--- START ---

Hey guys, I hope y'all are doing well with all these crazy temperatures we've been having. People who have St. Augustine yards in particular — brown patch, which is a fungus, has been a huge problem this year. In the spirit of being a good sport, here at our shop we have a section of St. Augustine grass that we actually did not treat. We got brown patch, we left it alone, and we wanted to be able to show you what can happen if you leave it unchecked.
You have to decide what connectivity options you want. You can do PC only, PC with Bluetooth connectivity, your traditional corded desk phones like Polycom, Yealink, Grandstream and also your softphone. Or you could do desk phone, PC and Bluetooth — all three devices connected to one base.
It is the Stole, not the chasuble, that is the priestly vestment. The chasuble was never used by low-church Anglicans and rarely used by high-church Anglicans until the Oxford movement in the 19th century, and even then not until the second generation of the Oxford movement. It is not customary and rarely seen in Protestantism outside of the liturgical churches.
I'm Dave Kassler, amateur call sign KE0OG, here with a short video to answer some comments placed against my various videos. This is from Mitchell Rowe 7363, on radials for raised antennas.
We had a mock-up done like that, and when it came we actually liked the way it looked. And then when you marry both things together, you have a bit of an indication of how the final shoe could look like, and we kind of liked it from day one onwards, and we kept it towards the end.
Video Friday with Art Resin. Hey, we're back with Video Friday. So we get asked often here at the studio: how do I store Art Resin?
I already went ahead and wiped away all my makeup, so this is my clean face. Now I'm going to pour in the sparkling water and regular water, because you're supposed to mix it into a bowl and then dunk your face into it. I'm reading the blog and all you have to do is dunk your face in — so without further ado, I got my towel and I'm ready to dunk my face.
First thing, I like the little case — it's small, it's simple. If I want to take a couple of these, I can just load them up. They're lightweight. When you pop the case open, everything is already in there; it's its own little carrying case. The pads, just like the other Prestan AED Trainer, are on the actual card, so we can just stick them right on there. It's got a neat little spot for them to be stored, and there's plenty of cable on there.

--- END ---

§ TASK TO COMPLETE
Reproduce the records above in full, without altering a single character.

§ YOUR RESPONSE
Hey guys, I hope y'all are doing well with all these crazy temperatures we've been having. People who have St. Augustine yards in particular — brown patch, which is a fungus, has been a huge problem this year. In the spirit of being a good sport, here at our shop we have a section of St. Augustine grass that we actually did not treat. We got brown patch, we left it alone, and we wanted to be able to show you what can happen if you leave it unchecked.
You have to decide what connectivity options you want. You can do PC only, PC with Bluetooth connectivity, your traditional corded desk phones like Polycom, Yealink, Grandstream and also your softphone. Or you could do desk phone, PC and Bluetooth — all three devices connected to one base.
It is the Stole, not the chasuble, that is the priestly vestment. The chasuble was never used by low-church Anglicans and rarely used by high-church Anglicans until the Oxford movement in the 19th century, and even then not until the second generation of the Oxford movement. It is not customary and rarely seen in Protestantism outside of the liturgical churches.
I'm Dave Kassler, amateur call sign KE0OG, here with a short video to answer some comments placed against my various videos. This is from Mitchell Rowe 7363, on radials for raised antennas.
We had a mock-up done like that, and when it came we actually liked the way it looked. And then when you marry both things together, you have a bit of an indication of how the final shoe could look like, and we kind of liked it from day one onwards, and we kept it towards the end.
Video Friday with Art Resin. Hey, we're back with Video Friday. So we get asked often here at the studio: how do I store Art Resin?
I already went ahead and wiped away all my makeup, so this is my clean face. Now I'm going to pour in the sparkling water and regular water, because you're supposed to mix it into a bowl and then dunk your face into it. I'm reading the blog and all you have to do is dunk your face in — so without further ado, I got my towel and I'm ready to dunk my face.
First thing, I like the little case — it's small, it's simple. If I want to take a couple of these, I can just load them up. They're lightweight. When you pop the case open, everything is already in there; it's its own little carrying case. The pads, just like the other Prestan AED Trainer, are on the actual card, so we can just stick them right on there. It's got a neat little spot for them to be stored, and there's plenty of cable on there.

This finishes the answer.